Comment on paper by L. M. Malyshkin and S. Boldyrev, "Magnetic dynamo action at low magnetic Prandtl numbers", PRL 105, 215002 (2010)

TL;DR

This paper critically examines the scaling law for small-scale dynamo growth rates at low magnetic Prandtl numbers, revealing that different asymptotic behaviors occur near and far from the threshold, contrary to previous claims.

Contribution

It clarifies the asymptotic behavior of the dynamo growth rate, showing two distinct regimes near and far from the threshold, challenging prior assumptions.

Findings

Two different asymptotics for the dynamo growth rate near and far from the threshold.

The scaling mbda sim Rm^{1/2} is not valid near the threshold.

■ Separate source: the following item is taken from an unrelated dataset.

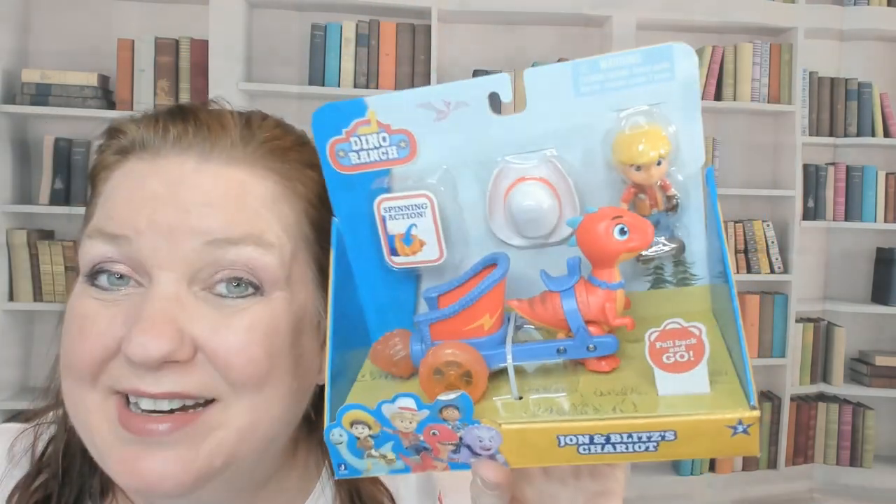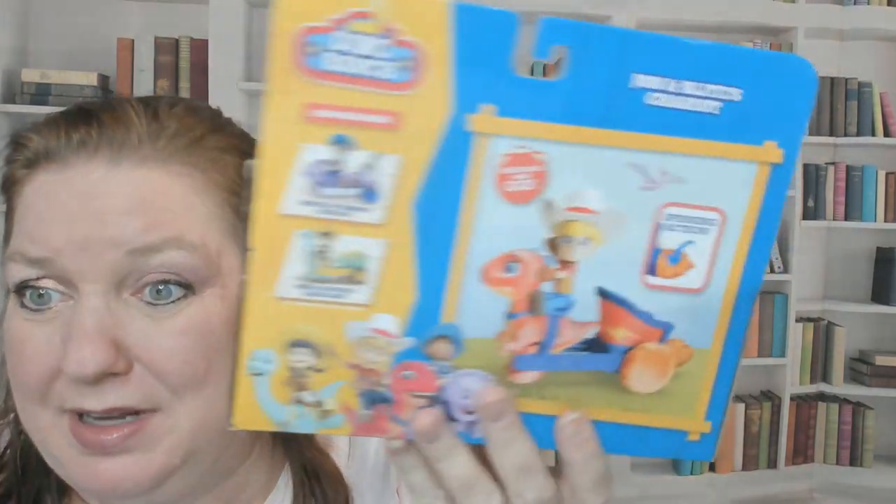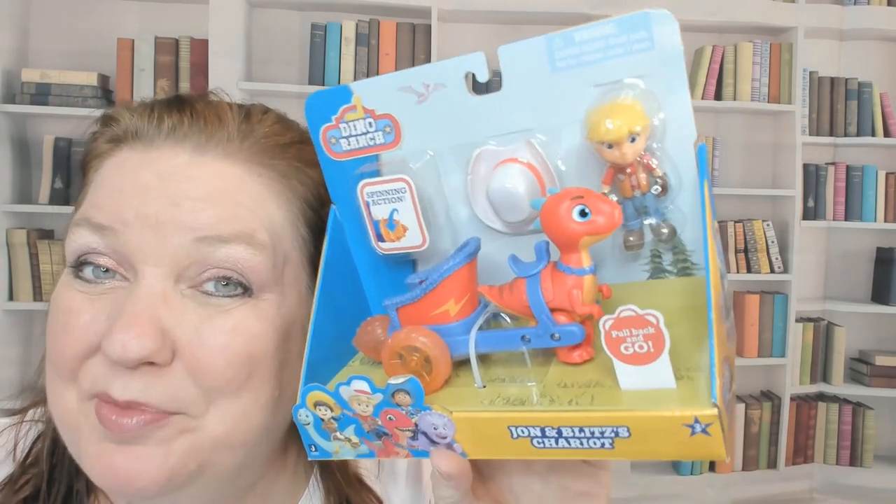It's for ages three and up and it's really colorful. Thanks for watching. I hope you found this brief preview helpful.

Numerical analysis supports the existence of separate regimes.

Abstract

Is the scaling, \lambda \sim Rm^{1/2}, for the growth rate of small-scale dynamo instability at low magnetic Prandtl numbers and large magnetic Reynolds numbers, Rm, valid in the vicinity of the threshold? Our analysis and even numerical solution (Malyshkin and Boldyrev, 2010) of the dynamo equations for a Gaussian white-noise velocity field (the Kazantsev-Kraichnan model) imply that the answer is negative. Contrary to the claim by Malyshkin and Boldyrev (2010), there are two different asymptotics for the dynamo growth rate: in the vicinity of the threshold and far from the threshold.